ANNAPOLIS, Md. (AP) -- Republican Gov. Larry Hogan took a bipartisan ride with state Democratic leaders in an electric car Thursday to a waterside bill-signing ceremony for environmental initiatives.

Hogan, Senate President Thomas V. Mike Miller and House Speaker Michael Busch smiled and posed for photographs before they stepped into an electric blue Hyundai. Hogan took the front passenger seat and a state trooper took the wheel.

"We've got bills that we've worked together, with both sides of the aisle, to protect the air, to protect the water and protect the soil, and we're going to continue to do it," Hogan said at the Annapolis City Dock, not far from the waters of the Chesapeake Bay.

Here's a look at some of the legislation:


Maryland will increase investment in the Electric Vehicle Tax Credit program by more than 30 percent. The Charging Station Tax Rebate will be doubled, to a maximum of $4,000, and the electric car tax credit program will allow deductions for $100 per kWH of battery life per vehicle, up to the same maximum tax credit of $3,000.

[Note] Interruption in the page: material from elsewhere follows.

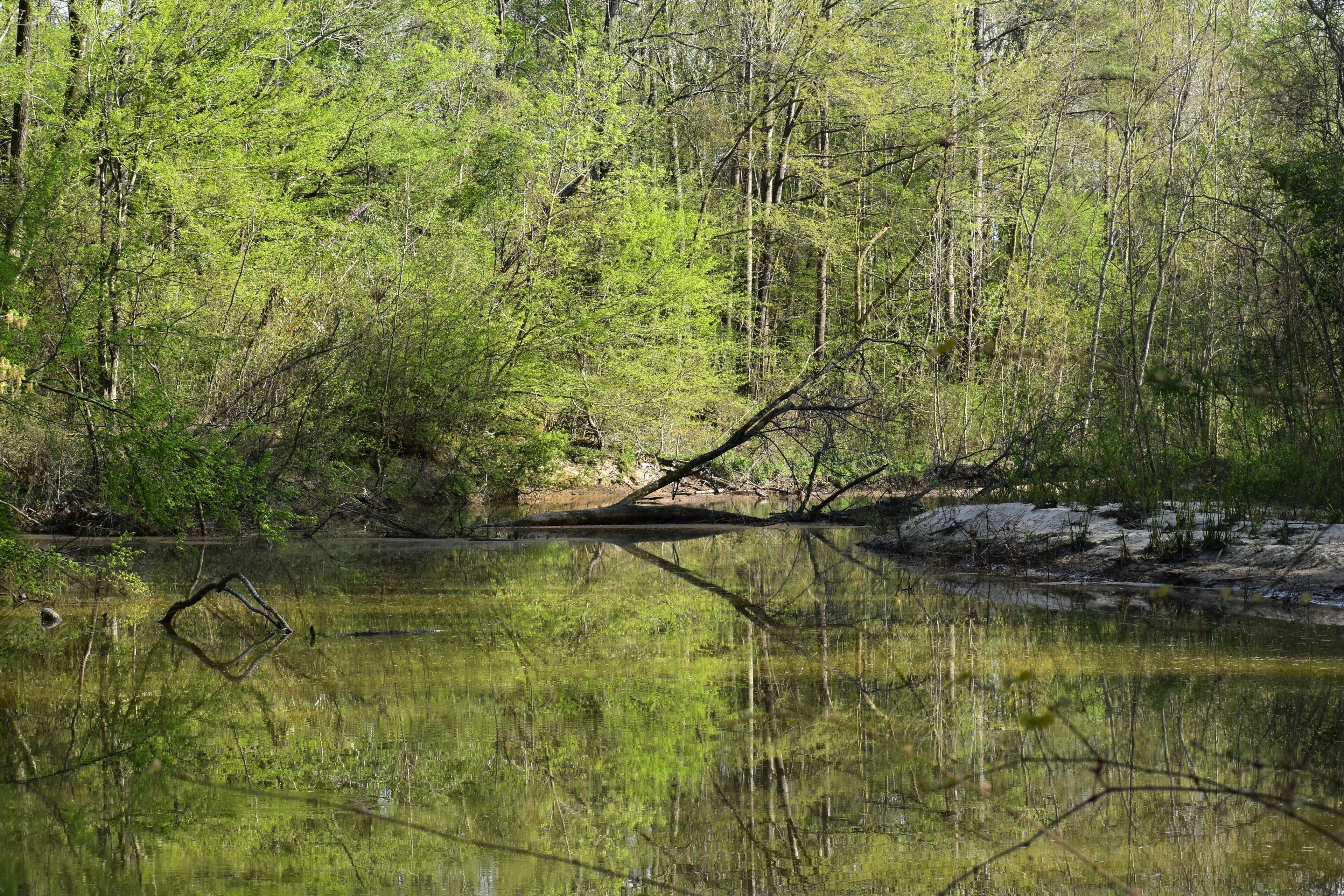 Zona boscosa amb un cos d'aigua tranquil·la que reflecteix els arbres i un tronc caigut.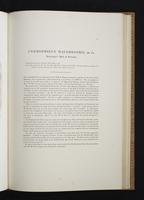 Monograph of the Paradiseidae, 1:114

The state will allow up to $10 million each year of the Bay Restoration Fund to be used to pay for pollution reductions Maryland will use to meet the Chesapeake Bay Watershed Improvement Plan by 2025.


A new institute at the University of Maryland will collaborate to develop and attract private investment and commercialize clean energy innovations.


The Maryland Department of Agriculture will provide farmers with research, education, technical assistance and potential financial assistance to improve soil health on Maryland farms.


A moratorium will be put in place on killing cownose rays in contests through July 1, 2019. The measure requires the Department of Natural Resources to prepare a fisheries management plan for the rays by Dec. 31, 2018.


Hogan declined to taking a position on a decision the Maryland Public Service Commission is expected to make this month on two offshore wind proposals near Ocean City. The PSC could enable Maryland to host the nation's largest offshore windfarm.

"The law was passed a while ago," Hogan told reporters after the ceremony, referring to the 2013 Maryland law creating a regulatory framework for offshore wind. "It's finally come to fruition, but that's a decision that the independent body -- the PSC -- has to make, and we're following it very closely but don't have any role in the process."